Tabel 27: Percentages voor de toename van kennis over nanotechnologie in voeding onder respondenten

Tekst A Tekst B Tekst C Totaal

Toename kennis 82.0% 70.2% 72.1% 74.4%

Geen toename kennis 10.0% 5.3% 6.6% 7.1%

Geen mening 8.0% 24.6% 21.3% 18.5%

Totaal 100% 100% 100% 100%

3.3.2.2. Ontwikkeling oordeel over nanotechnologie bij meer informatie

Uit de resultaten volgt dat 15.9% van de respondenten een positieve mening heeft over het gebruik van nanotechnologie in voeding voor het verkrijgen van informatie. Hiertegenover staat de 18.8% die een negatieve mening hierover heeft en 5.3% die een gemengde mening heeft. Uit deze resultaten volgt dat respondenten voor het verkrijgen van informatie verschillende meningen hebben over nanotechnologie in voeding - zie Tabel 28.

Tabel 28: Percentages voor de meningen over de toepassing van nanotechnologie in voeding voor het verkrijgen van informatie.

Tekst A Tekst B Tekst C Totaal

Mening Positief 14.0% 15.5% 17.7% 15.9% Mening Negatief 24.0% 15.5% 17.7% 18.8% Geen mening 28.0% 20.7% 21.0% 22.9% Gemengde mening 6.0% 5.2% 4.8% 5.3% Missing value 28.0% 43.1% 38.7% 37.1% Totaal 100% 100% 100% 100%

Tabel 29: Percentages voor de meningen over de toepassing van nanotechnologie in voeding na het verkrijgen van informatie.

Tekst A Tekst B Tekst C Totaal

Positief 4.0% 8.6% 6.6% 6.5% Negatief 36.0% 46.6% 39.3% 40.8% Geen Mening 36.0% 24.1% 27.9% 29.0% Mening positief en mening negatief 24.0% 20.7% 26.2% 23.7% Totaal 100% 100% 100% 100%

Het grootste deel van de respondenten, 40.8%, heeft na het lezen van de informatieve teksten, een negatieve mening over nanotechnologie in voedingsmiddelen. Het een na grootste deel, 29% van de respondenten, heeft na het lezen geen concrete mening kunnen vormen.
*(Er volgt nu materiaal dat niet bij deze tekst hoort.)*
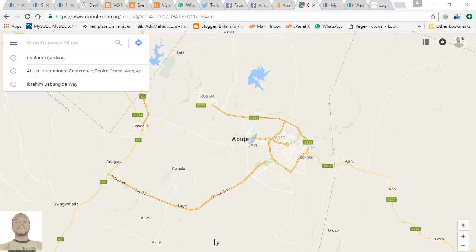Hello guys, my name is Kevin and welcome to Abuja FCT. In this video, I want to show you how to get the latitude and longitude of your address placed as a tag on Google Maps.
Daarna volgt 23.5% van de respondenten; deze groep had een gemengde mening over nanotechnologie in voedingsmiddelen. Zie Tabel 29 voor de resultaten. Uit deze en voorgaande resultaten van aangaande het oordeel over nanotechnologie kan afgeleid worden dat respondenten negatiever denken over nanotechnologie in voeding na het verkrijgen van informatie.

4. Discussie

Dit explorerend onderzoek heeft zich gericht op het verkrijgen van meer inzicht in het

sensemaking-proces van mensen wat betreft de toepassing van nanotechnologie in voeding;

de wijze waarop ze betekenis geven aan informatie hierover, hoe ze daar tegenaan kijken, welke opmerkingen ze maken, welke vragen ze stellen en wat ze denken bij de informatie die ze lezen. De mening ten aanzien van informatie over de toepassing van nanotechnologie is gemeten voor drie informatieve teksten. Daarnaast zijn naar aanleiding van het psychometrische paradigma vragen opgesteld voor het meten van de risicoperceptie van de respondenten bij verschillende volgordes van informatieve teksten.